Há boatos de que eles estão "resistindo" às restrições que foram adotadas quanto ao salário dos executivos financeiros.
Antes que sua arrogância volte a transbordar, talvez devessem considerar a longa história do relacionamento de amor e ódio entre os bancos e o governo dos EUA. Uma providência simples seria estudar a cédula de US$ 20.
Pois nela, no espaço que separa as palavras "Federal" e "Reserve", irrompe a cabeleira basta de Andrew Jackson [1767-1845], o presidente norte-americano que mais se preocupou com a questão do penteado.
O sétimo presidente do país também foi inimigo jurado do dinheiro em papel e da criação de um banco central. Jackson fez carreira combatendo índios, derrotando os britânicos e conquistando o afeto das populações fronteiriças.
Mas o que realmente o irritava era o Banco dos Estados Unidos, instituição à qual havia sido concedido o monopólio sobre a emissão de papel-moeda. "O monstro", declarou no auge de sua batalha contra o presidente do banco, Nicholas Biddle, "quer me matar, mas eu o matarei primeiro".
Povo x monstro
E foi isso exatamente o que Jackson fez com o Banco dos EUA, vetando a renovação de sua carta-patente pelo Senado, em 1832, e conduzindo sua campanha à reeleição com a plataforma "o povo versus o monstro".
O resultado da extinção da regulação monetária era previsível: especulação descontrolada. Dois anos depois que Jackson encerrou seu segundo mandato, em março de 1837, o segundo dos grandes colapsos financeiros da história dos EUA estava em curso (o primeiro acontecera em 1819).
E um terceiro se seguiu rapidamente em 1839, durante o governo de Martin Van Buren [1837-41], o sucessor que Jackson havia escolhido a dedo. Às vésperas da Guerra Civil Americana [1861-65], o desejo de descentralização monetária que Jackson um dia expressou havia sido realizado de maneira muito mais ampla do que ele poderia ter sonhado.
Havia mais de 7.000 moedas locais circulando na república, e a falsificação de papel-moeda era epidêmica.
Foi necessária a Lei Bancária que o presidente Abraham Lincoln assinou em 1862 -devido à necessidade desesperada de garantir o crédito necessário para enfrentar a guerra- para que um mínimo de ordem monetária fosse imposto.
Jackson, como nos informa a recente biografia produzida por Jon Meacham ["American Lion - Andrew Jackson in the White House", Leão Americano - Andrew Jackson na Casa Branca, Random House, 512 págs., US$ 18, R$ 35], escrita de maneira elegante e excessivamente generosa para com a figura central do livro, foi uma personalidade excepcional na política norte-americana de muitas maneiras.

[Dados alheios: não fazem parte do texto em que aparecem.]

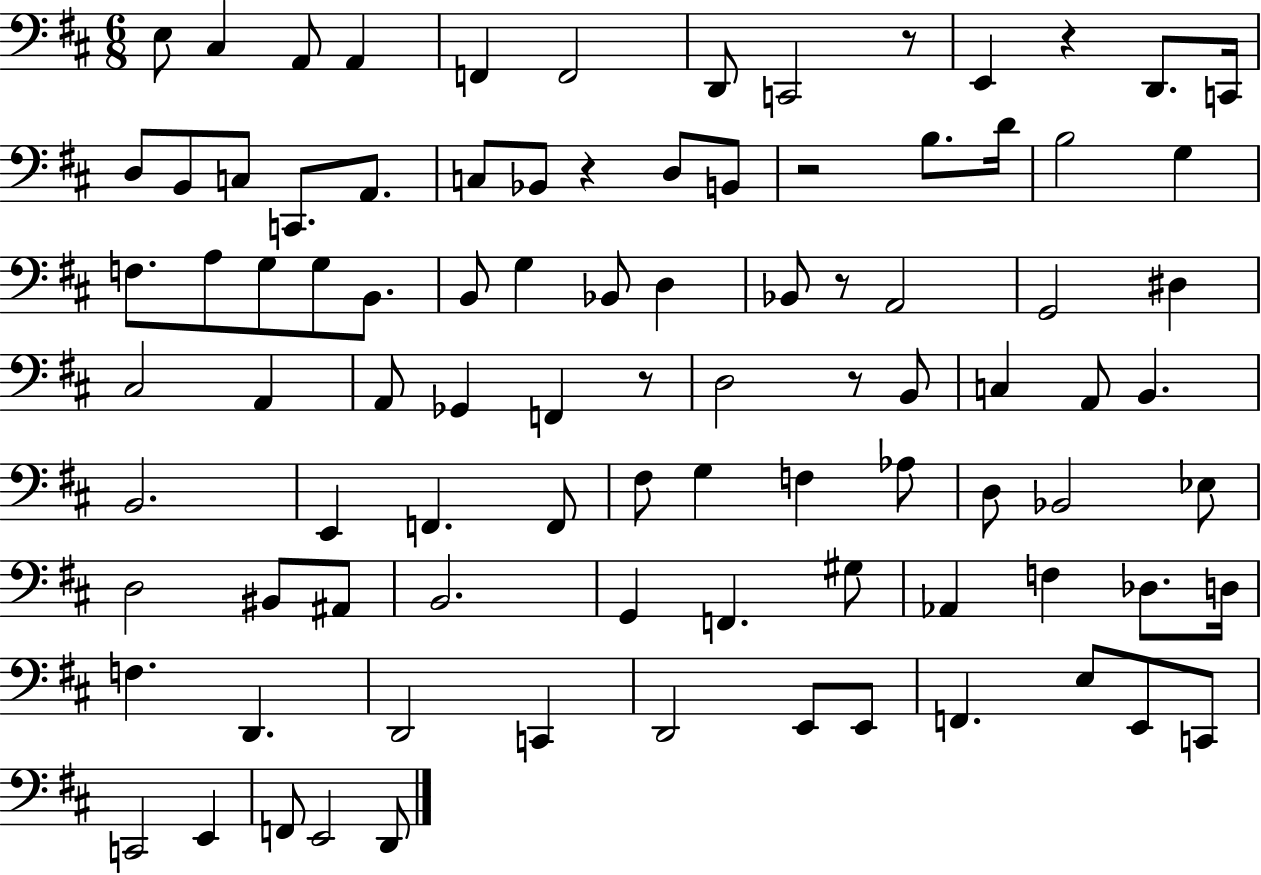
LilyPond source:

{
  \clef bass
  \numericTimeSignature
  \time 6/8
  \key d \major
  e8 cis4 a,8 a,4 | f,4 f,2 | d,8 c,2 r8 | e,4 r4 d,8. c,16 | \break d8 b,8 c8 c,8. a,8. | c8 bes,8 r4 d8 b,8 | r2 b8. d'16 | b2 g4 | \break f8. a8 g8 g8 b,8. | b,8 g4 bes,8 d4 | bes,8 r8 a,2 | g,2 dis4 | \break cis2 a,4 | a,8 ges,4 f,4 r8 | d2 r8 b,8 | c4 a,8 b,4. | \break b,2. | e,4 f,4. f,8 | fis8 g4 f4 aes8 | d8 bes,2 ees8 | \break d2 bis,8 ais,8 | b,2. | g,4 f,4. gis8 | aes,4 f4 des8. d16 | \break f4. d,4. | d,2 c,4 | d,2 e,8 e,8 | f,4. e8 e,8 c,8 | \break c,2 e,4 | f,8 e,2 d,8 | \bar "|."
}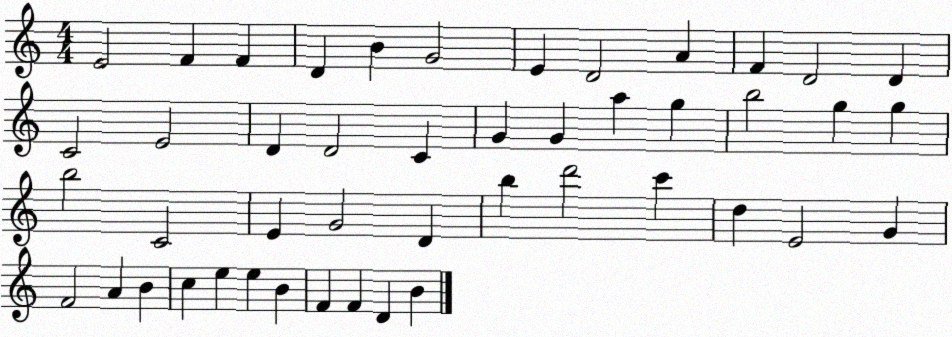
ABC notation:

X:1
T:Untitled
M:4/4
L:1/4
K:C
E2 F F D B G2 E D2 A F D2 D C2 E2 D D2 C G G a g b2 g g b2 C2 E G2 D b d'2 c' d E2 G F2 A B c e e B F F D B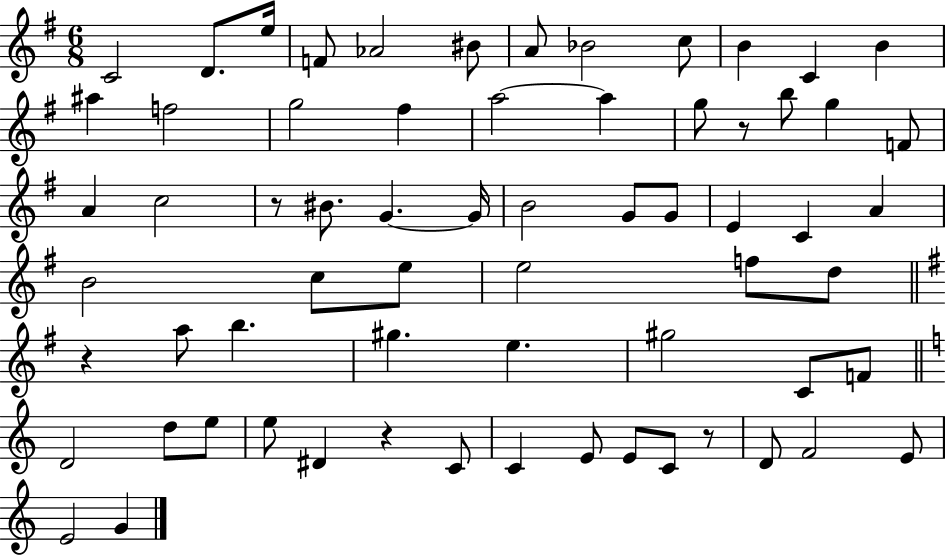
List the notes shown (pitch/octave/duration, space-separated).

C4/h D4/e. E5/s F4/e Ab4/h BIS4/e A4/e Bb4/h C5/e B4/q C4/q B4/q A#5/q F5/h G5/h F#5/q A5/h A5/q G5/e R/e B5/e G5/q F4/e A4/q C5/h R/e BIS4/e. G4/q. G4/s B4/h G4/e G4/e E4/q C4/q A4/q B4/h C5/e E5/e E5/h F5/e D5/e R/q A5/e B5/q. G#5/q. E5/q. G#5/h C4/e F4/e D4/h D5/e E5/e E5/e D#4/q R/q C4/e C4/q E4/e E4/e C4/e R/e D4/e F4/h E4/e E4/h G4/q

Em seu repugnante entusiasmo pela limpeza étnica e eliminação dos indígenas norte-americanos, em sua desconsideração de opiniões inconvenientes da Suprema Corte e em sua certeza de que representava a personificação da democracia popular.
O fato de que os entusiastas de um banco central eram admiradores do Banco da Inglaterra só servia para reforçar a convicção do veterano general de que essas instituições traziam algo de desprezível e antiamericano.
Sua suspeita quase paranoica quanto ao monopólio do banco permitiram que ele explorasse as inseguranças de muitos norte-americanos com relação ao caráter moral do dinheiro.
Nota promissória
Na década de 1790, os caminhos do sucesso para qualquer jovem ambicioso que vivesse na fronteira eram a especulação com terras, a advocacia ou o serviço militar, e Jackson se dedicou a essas três atividades.
Em 1795, passou três semanas na Filadélfia tentando vender uma propriedade de alguns milhares de hectares de excelentes terras de fronteira. Encontrou um comprador, que pagou com nota promissória.
Jackson adquiriu vagões e mais vagões de provisões, usando a nota endossada. Pouco depois, os fornecedores desses bens informaram a ele que a falência do emissor da nota o tornava responsável pelo saldo restante da promissória. Essa dívida paralisou por muito tempo as perspectivas econômicas de Jackson e lhe causou desconfiança duradoura quanto aos instrumentos de comércio em papel.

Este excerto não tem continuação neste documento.